Regional average natural gas spot prices increased between 5 and 16 cents per MMBtu week-on-week, with the notable exception of pricing points located in the Northeast, which increased over $20.00 per MMBtu for the report week. The natural gas price basis (the difference between a regional price and the U.S. benchmark Henry Hub price) at trading points for New York and New England at the close of trading on Wednesday, January 23 reached their highest levels in over nine years.
The Nymex February futures price rose from $ 3.435 per MMBtu last Wednesday to $3.554 per MMBtu yesterday. During the week, the futures price spread over the Henry Hub daily spot price averaged between -7.2 cents and 5.4 cents per MMBtu. The 12-Month Strip (average of February 2013 to January 2014 contracts) gained 12 cents per MMBtu, starting at $3.654 per MMBtu last Wednesday and landing at $3.774 per MMBtu yesterday.
Consumption particularly rose in the Northeast. On January 22, natural gas consumption in the Northeast increased to 33.6 billion cubic feet per day (Bcf/d), 56 percent above the previous week’s (January 14-January 20) seven-day average of 21.6 Bcf/d, according to data from Bentek. On January 23, Bentek reported that Northeast consumption rose to 36.2 Bcf/d, or 68 percent above the seven-day average. For both of these days, consumption in New York City rose to over 4.1 Bcf/d, or 41 percent above the 30-day average of 2.9 Bcf/d. Consumption in New England was just under 5.0 Bcf/d on January 22, and just under 5.1 Bcf/d on January 23, almost 22 percent above its 30-day average of 4.2 Bcf/d.
The increase in U.S. residential/commercial consumption, coupled with the slight increase for industrial consumption that Bentek estimated for the week, far exceeded the 2.5 percent drop in power sector consumption below last week’s daily average. Power burn fell most significantly in the Southwest and Texas.
Bentek estimates that the average daily natural gas supply for this report week increased modestly by 1.9 percent over the previous week’s daily average. This resulted from around 27 percent and 17 percent increases in imports from Canada and as LNG, respectively. Imports from Canadian and LNG imports are 8.5 percent higher and 48 percent lower than last year’s levels during the same period, respectively. Dry natural gas production stayed unchanged from the previous week.

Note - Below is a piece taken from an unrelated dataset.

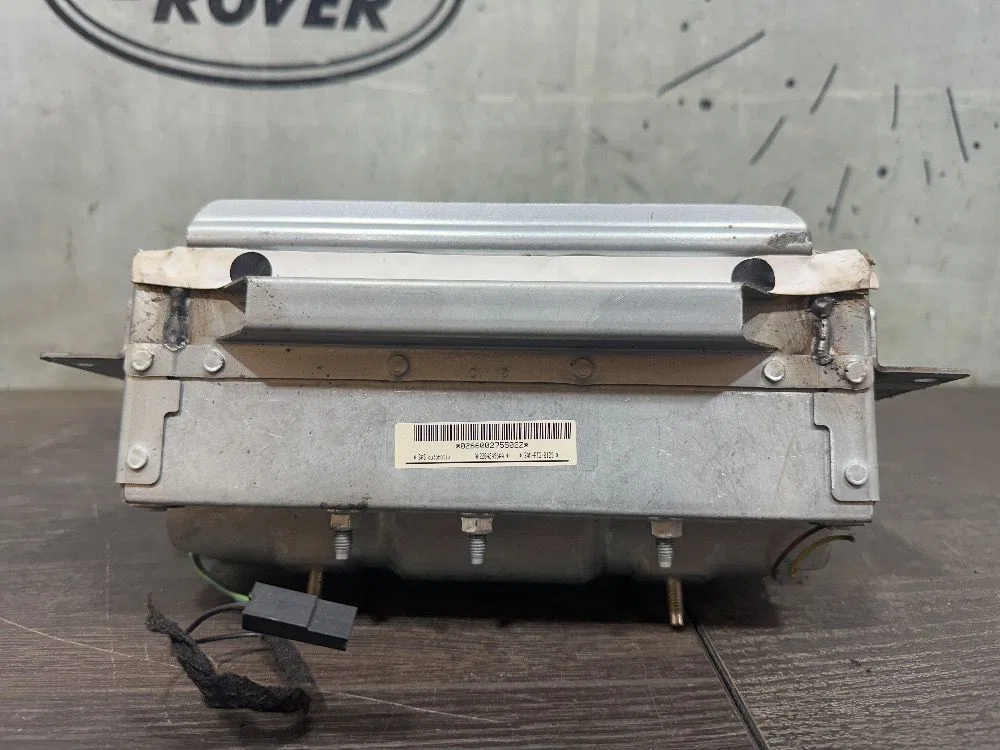 Подушка безопасности пассажирская (в торпедо) Land Rover Range Rover Sport I рестайлинг (2009—2013), фото 1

Working natural gas in storage decreased to 2,996 Bcf as of Friday, January 18, according to EIA's WNGSR. This represents an implied net withdrawal of 172 Bcf from the previous week. This week's net withdrawal was 4 Bcf smaller than the 5-year average net withdrawal of 176 Bcf, and 10 Bcf larger than last year's average net withdrawal of 162 Bcf. Inventories are currently 157 Bcf (5.0 percent) less than last year at this time and 320 Bcf (12.0 percent) greater than the 5-year average.

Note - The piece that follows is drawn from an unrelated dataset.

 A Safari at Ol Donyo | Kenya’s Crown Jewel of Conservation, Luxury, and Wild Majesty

All three storage regions posted declines this week. Inventories in the East, West, and Producing regions decreased by 80 Bcf (the 5-year average net withdrawal is 106 Bcf), 39 Bcf (the 5-year average net withdrawal is 18 Bcf), and 53 Bcf (the 5-year average net withdrawal is 51 Bcf), respectively.
In the Producing region, working natural gas inventories decreased 15 Bcf (5.4 percent) in salt cavern facilities and decreased 37 Bcf (4.4 percent) in nonsalt cavern facilities.